In mathematics, this is established by the vertical line test on a graph: if a vertical line crosses the graph of the equation at more than one point, then the relation is not a function. In algebraic terms, a function must be expressed with a clear and singular outcome for `y` when given `x`.
For example, if you have an expression like `y = 2x + 3`, for every `x` you input, you will get one and only one value of `y`.

To figure out if an equation is a function, you often need to solve the equation for `y` in terms of `x`. This process involves rearranging and simplifying the equation until `y` stands alone on one side of the equation.

• Start with the equation as given. For instance, if you have `x^2 + y^2 = 1`, your goal is to express `y` alone.
• Apply algebraic techniques like factoring, expanding, or isolating the variable `y` depending on the structure of the equation.
• The result should show only one value for every `x` value.
  For example, solving `xy + y + x = 1` gives `y = (1-x)/(x+1)`, which is a function because it gives a singular `y` for every `x` not equal to `-1`.

In cases where there are multiple possibilities for `y`, such as `y = +/− sqrt(1-x^2)`, the relation does not define a function.

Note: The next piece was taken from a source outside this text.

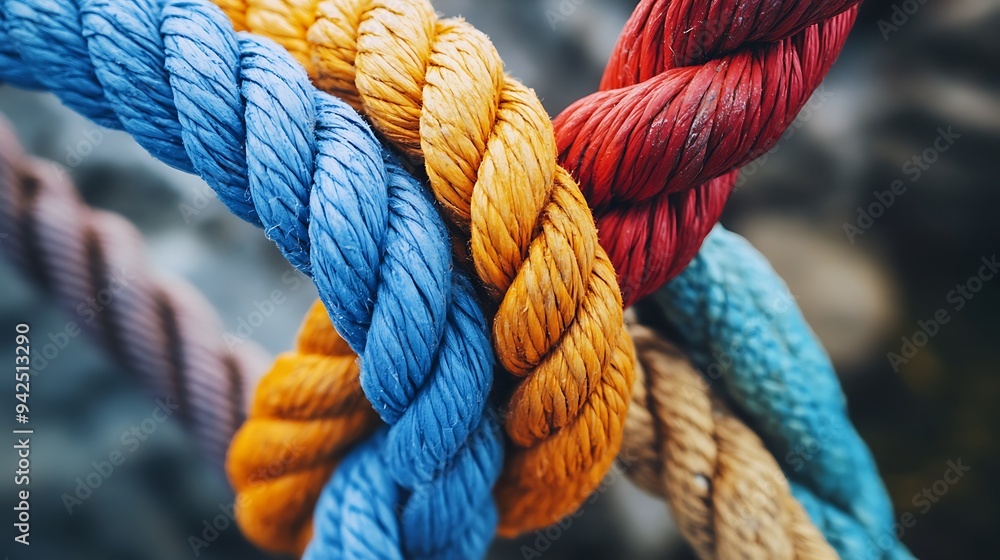 A close-up view of colorful ropes intertwined. A close-up view of colorful ropes intertwined.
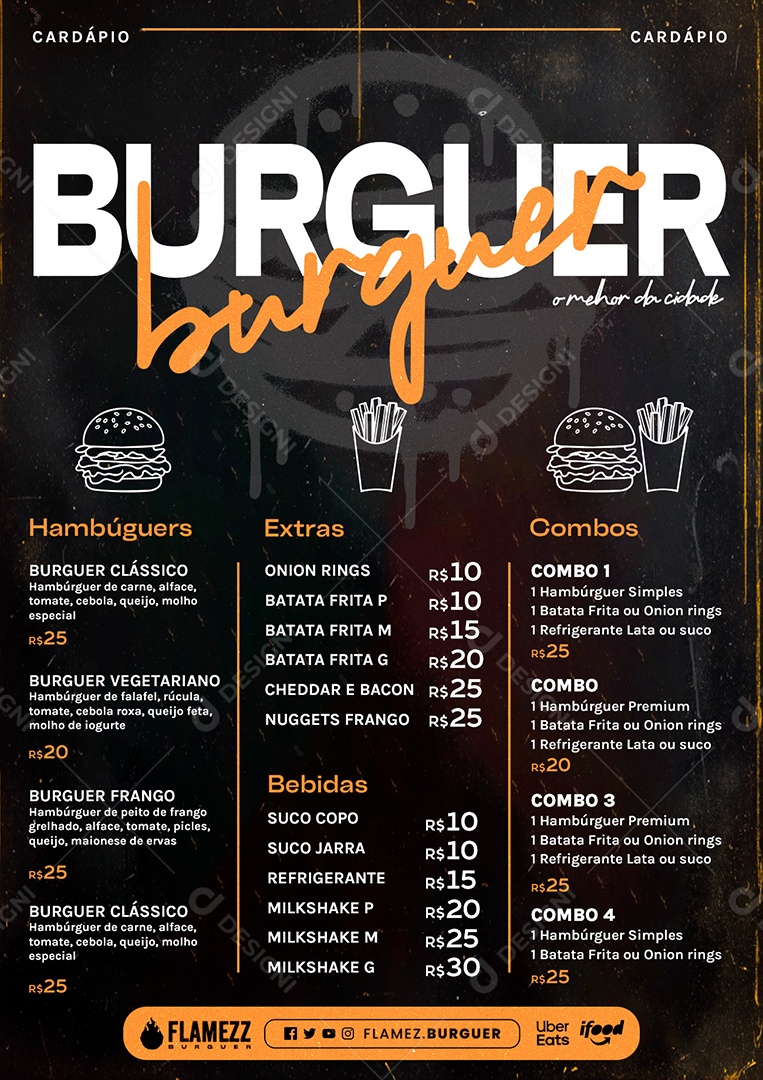 Cardápio Hamburgueria PSD Editável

In the world of functions, unique solutions are key. This means for every `x`, there should be only one `y` paired with it. If multiple `y` values exist for a single `x`, it defies the function definition.
Consider `x = sqrt(2y + 1)`. Solving for `y` gives `y = (x^2 - 1)/2`. Here, for every `x` that you choose, you get only one corresponding `y`. This verifies that the equation represents a function.
Remember:

• If solving the equation gives a square root or an absolute value, check carefully. These often produce more than one outcome and need reassessment.
• For equations like `x = y/(y+1)`, ensure you handle denominators correctly to avoid errors in unique pairing.

Ensuring unique solutions involves careful algebraic manipulation to prevent multiple outcomes.

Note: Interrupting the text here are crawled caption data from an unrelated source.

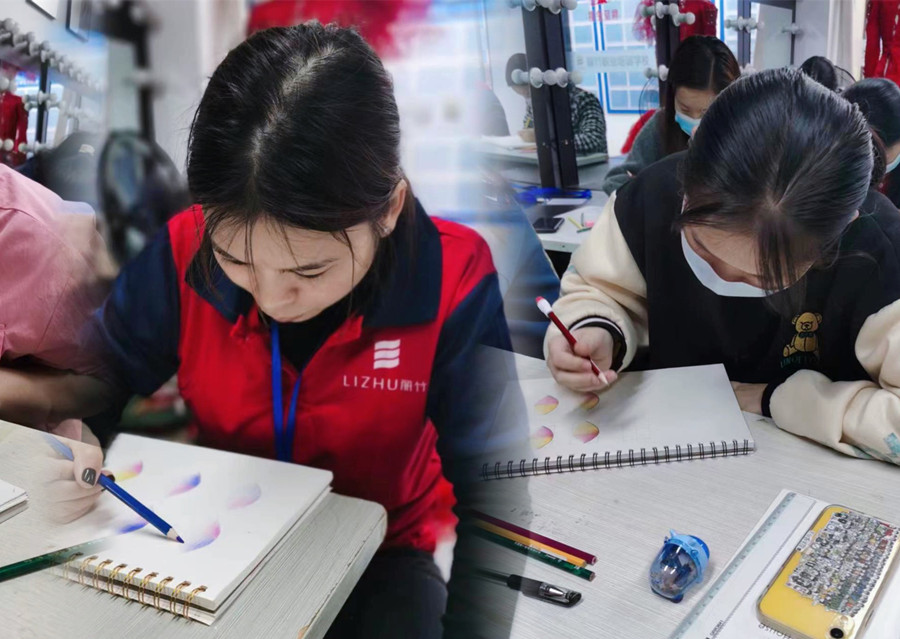 南寧化妝課堂實(shí)訓(xùn)：眼影紙上繪畫練習(xí)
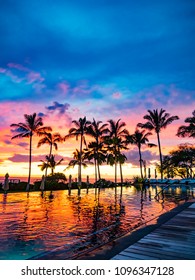 Hawaii Honolulu Pool Side Sunset And Palm Trees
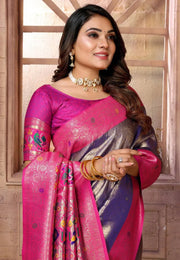 Purple Banarasi Silk Saree With Blouse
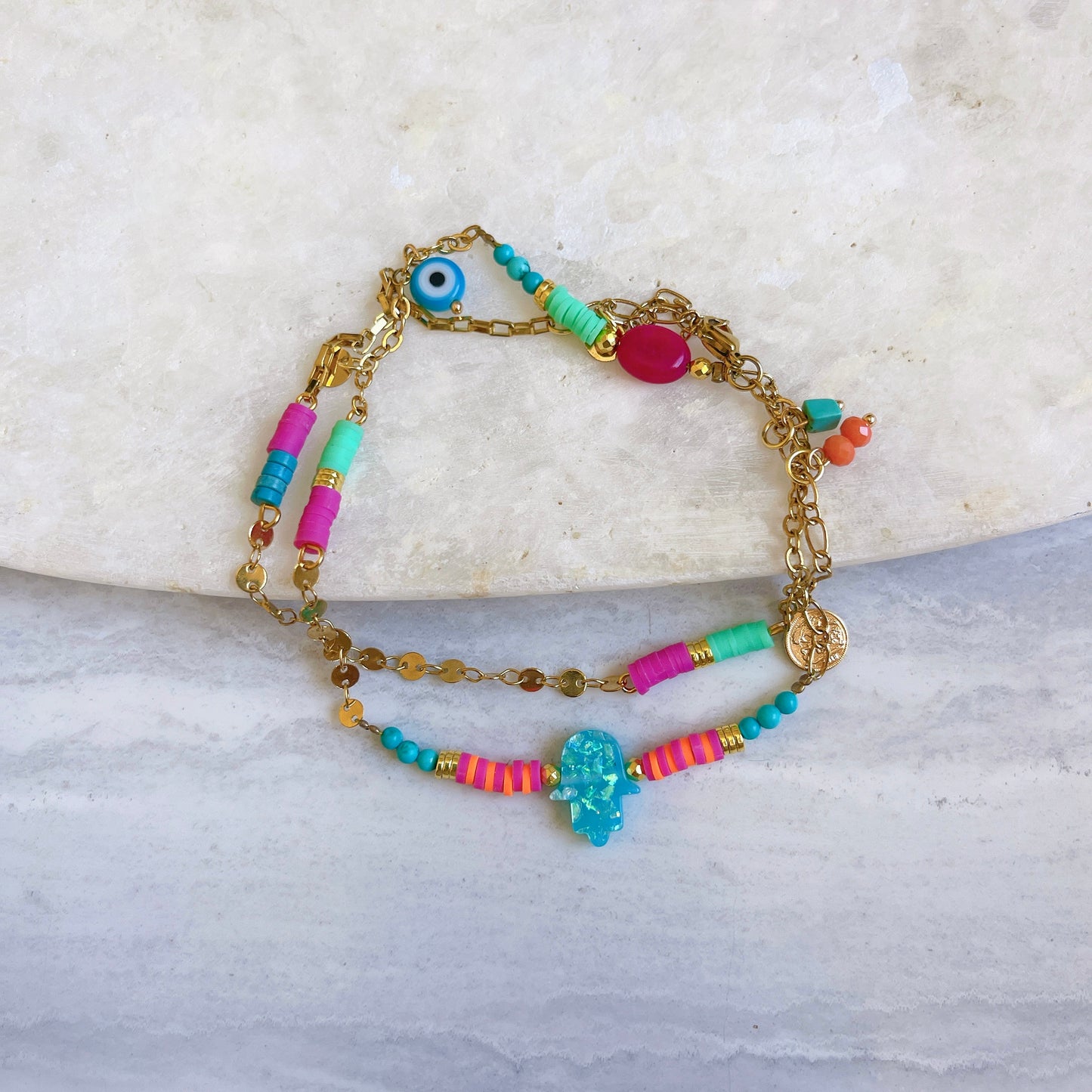 Turqouize Kaf two layers Anklet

The domain and range of a function describe where the function starts and ends on the graph. The domain is all the possible input values (or `x` values), while the range is all possible output values (`y` values). These aspects are crucial to correctly defining a function.
For an equation such as `y = (1-x)/(x+1)`, the domain is all numbers except `x = -1` (because this would cause division by zero). The range is all numbers that `y` can take when valid `x` values are plugged into the equation.
Understanding domains and ranges:

• Make sure to exclude values that would result in division by zero from the domain.
• Consider restrictions on square roots, as negative numbers aren't defined in the set of real numbers.
• Think about the logical limits of `y` given the range of `x`.

Clearly defining these aspects ensures you have a functioning equation that behaves predictably across numbers it's applied to.